My thoughts go out to all the families affected by the tornadoes that ripped through the MidWest in the past couple of days.

If your area was affected please post as soon as you're able so we know that you're ok.


----------



## terrilhb (Mar 2, 2012)

To everyone.


----------



## marlowmanor (Mar 2, 2012)

I was just reading about the storms and a couple towns in IN being totally destroyed. First thing I thought about was my BYH friends!  I hope everyone wethered the storms well. I will definately be waiting for everyone to check in.


----------



## ChristyMarie82 (Mar 2, 2012)

I certainly hope everyone is OK.  We had a scare here, a tornado warning, but nothing really happened way up in Dayton, Ohio. We got ready to go to the basement, but didn't have to go.  I have friends near Cincinnati and in Northern Ky...and a few of the little towns I grew up around are just...gone.  One of my friend's friends lost EVERYTHING...whole house blown away.  I'm still waiting to here if a friend in a town that was leveled is OK.  

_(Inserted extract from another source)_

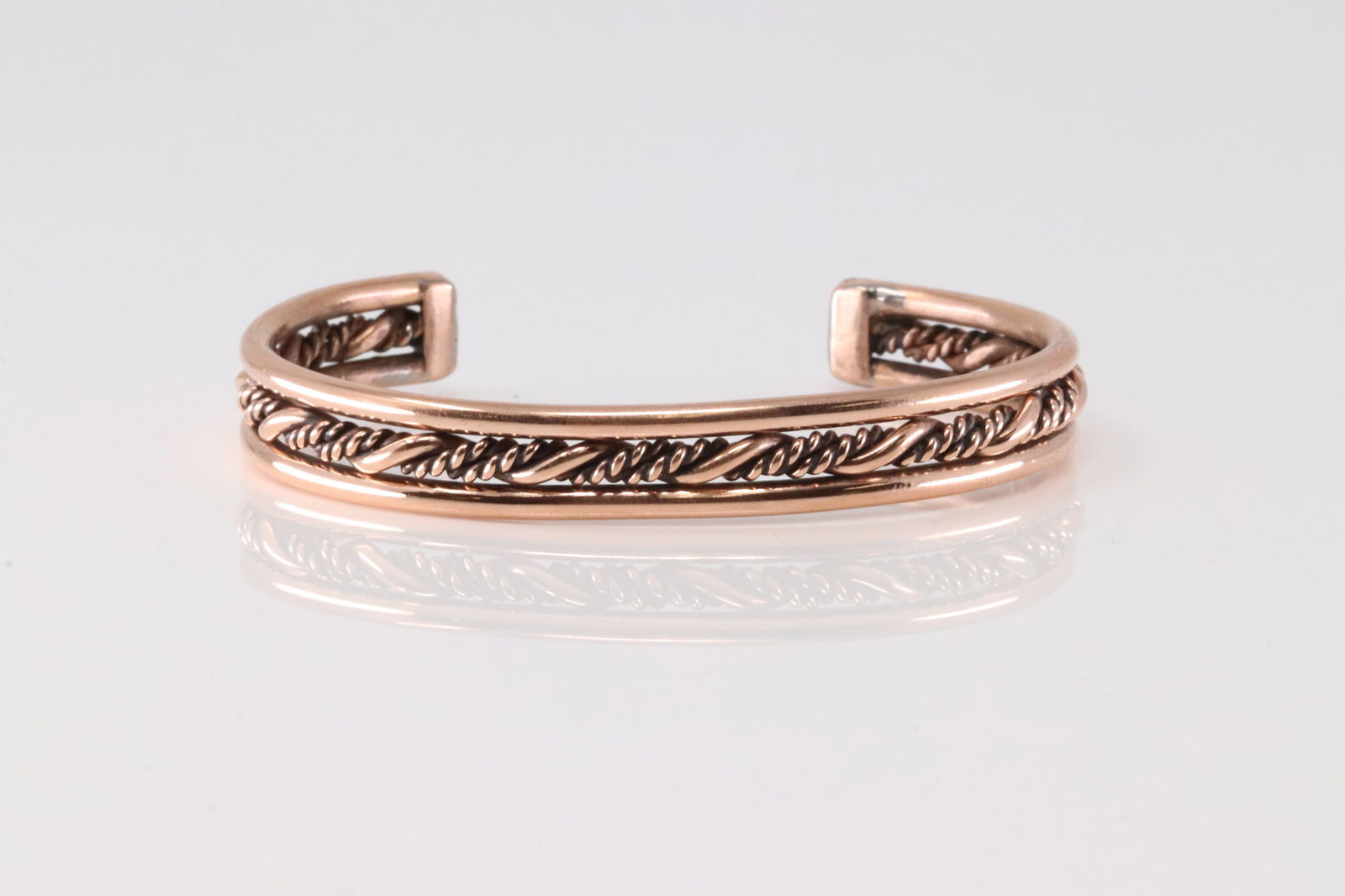 Native America Navajo Copper Bracelet Cuff By Elaine Tahe.: This is a Native America Navajo Copper Bracelet Cuff By Elaine Tahe.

((hugs)) to everyone who was in it/around it/lost anything or anyone.


----------



## currycomb (Mar 3, 2012)

we are pretty close to the illinois towns of harrisburg and ridgeway(in fact was in ridgeway last sat, before the storms). we had no damage. yesterday we followed another round on radar, again the BIG GUY was watching over us. sadly not so much for some towns east of here. our thoughts and prayers go out to them


----------



## daisychick (Mar 3, 2012)

I was also wondering how many of our BYH friends were affected by the storms.  I hope everyone is ok.


----------



## SmallFarmGirl (Mar 4, 2012)

I've been praying too.....


----------



## craftymama86 (Mar 5, 2012)

Our family is doing well. That last set of tornadoes though a few weeks ago got REALLY close, it was scary. A couple roads nearby don't even look the same, strange to drive through....


----------